Dataset section:

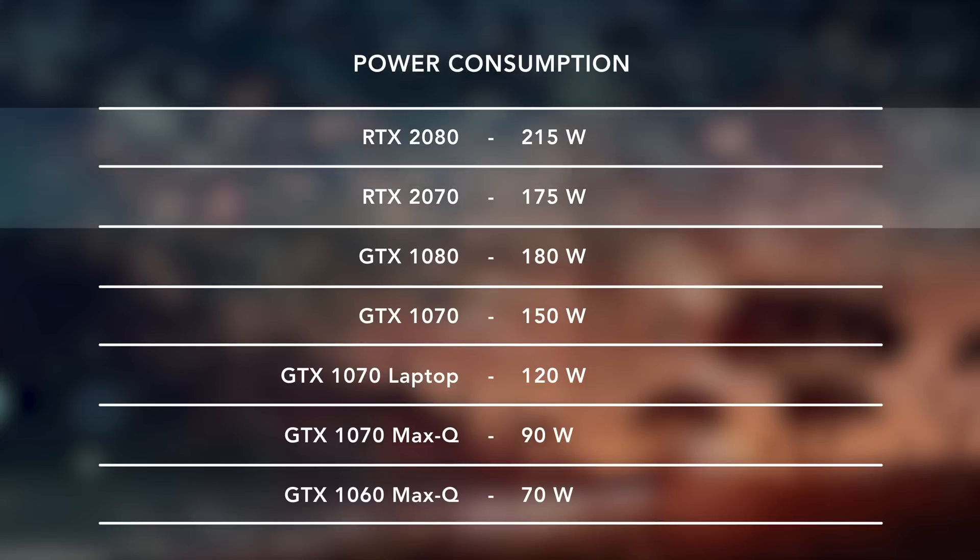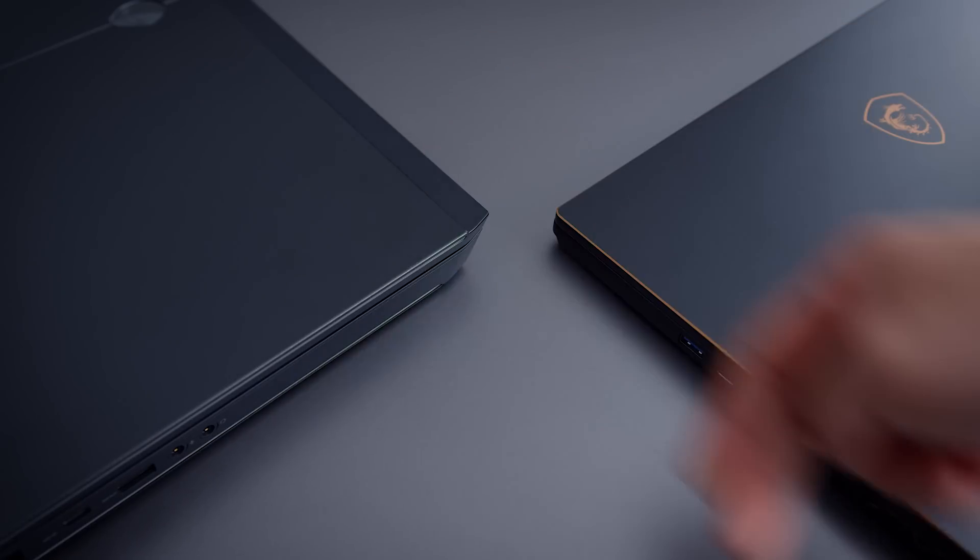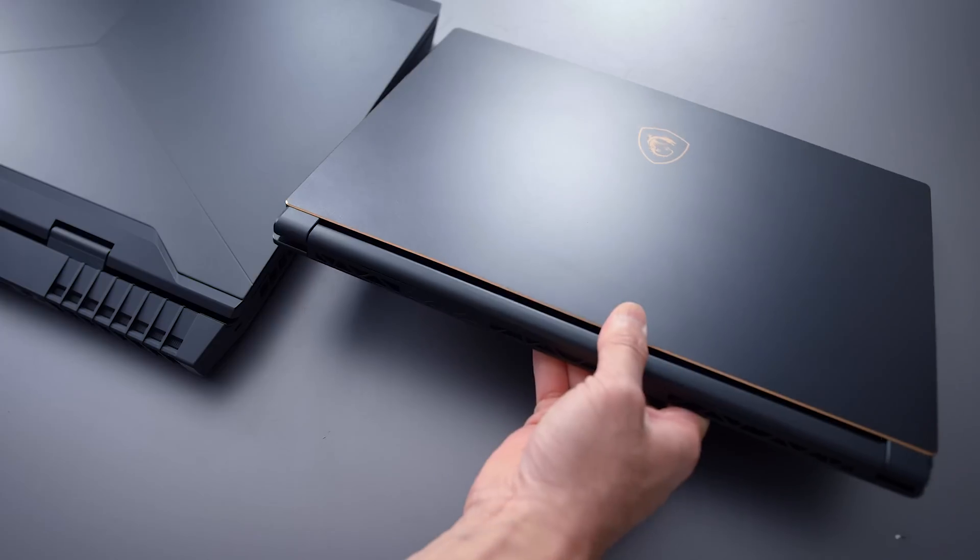The other thing I want to talk about is wattage. RTX GPUs draw a lot of wattage — that 2080 is pulling like 215 watts, which is quite a bit more than last year's 1080. And when you shrink it down into a laptop version or even a Max-Q version, you're gonna have a tough time cooling something like that. So realistically, we're looking at the 2060s or the 2050s to fit into a more traditional gaming laptop chassis.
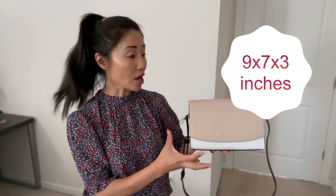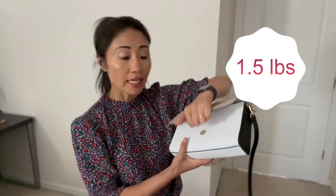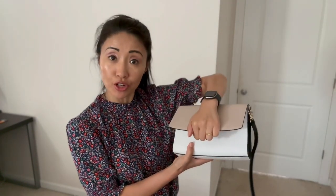The dimensions are nine by seven by three inches — it's not big, it's not small, it's the perfect size. It's light as well, weighing only 1.5 pounds. It has a flap open-and-close closure which makes it quite safe to wear. There's also enough room inside with a smaller, more intimate pocket.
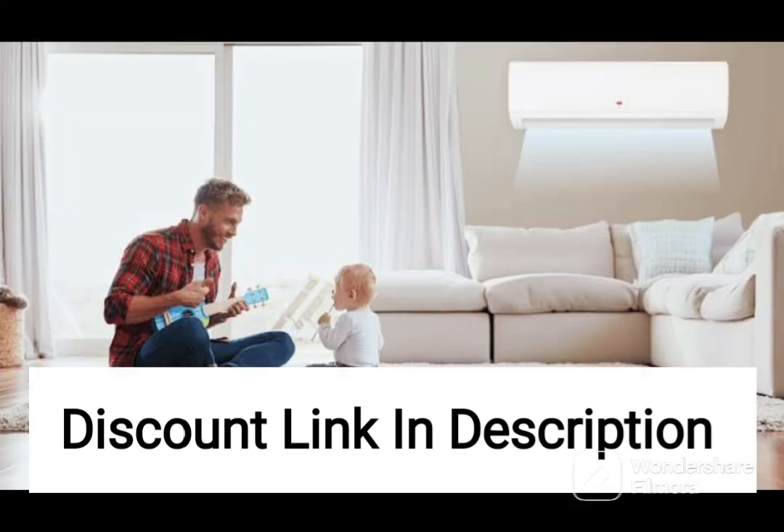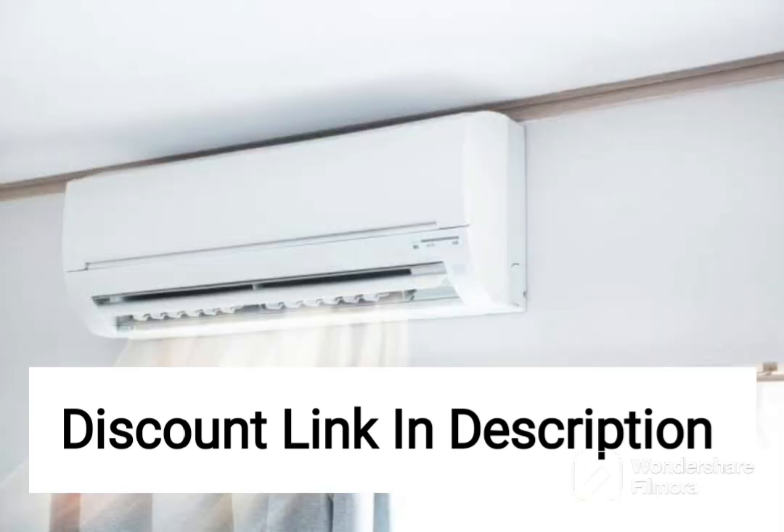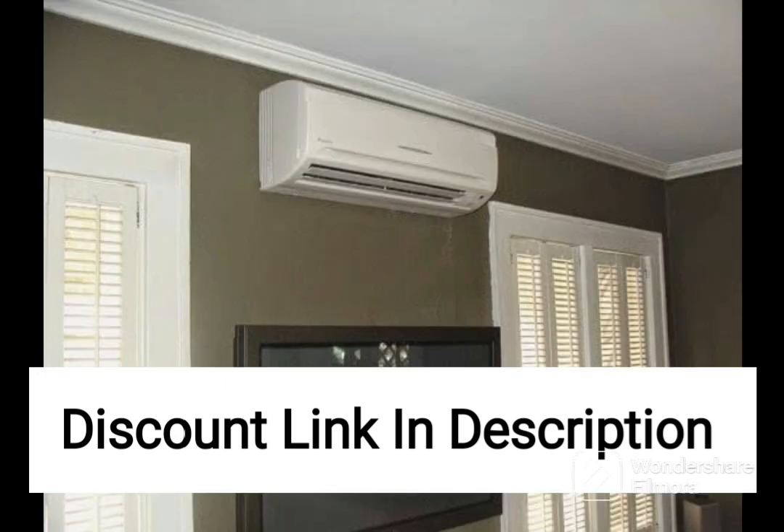Additionally, it comes with various features such as sleep mode, turbo mode, and auto-restart function, providing a convenient and comfortable cooling experience. The AC has a sleek and modern design with an elegant white finish, making it an attractive addition to any room. It also comes with stabilizer-free operation, ensuring that the AC can operate even in cases of voltage fluctuations, protecting the unit from damage.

Task objective: Once the line with "The dimensions are" is found, output it and every line after it through the end of the listing, exactly, without pictures.

Your response:
The dimensions are nine by seven by three inches — it's not big, it's not small, it's the perfect size. It's light as well, weighing only 1.5 pounds. It has a flap open-and-close closure which makes it quite safe to wear. There's also enough room inside with a smaller, more intimate pocket.
Additionally, it comes with various features such as sleep mode, turbo mode, and auto-restart function, providing a convenient and comfortable cooling experience. The AC has a sleek and modern design with an elegant white finish, making it an attractive addition to any room. It also comes with stabilizer-free operation, ensuring that the AC can operate even in cases of voltage fluctuations, protecting the unit from damage.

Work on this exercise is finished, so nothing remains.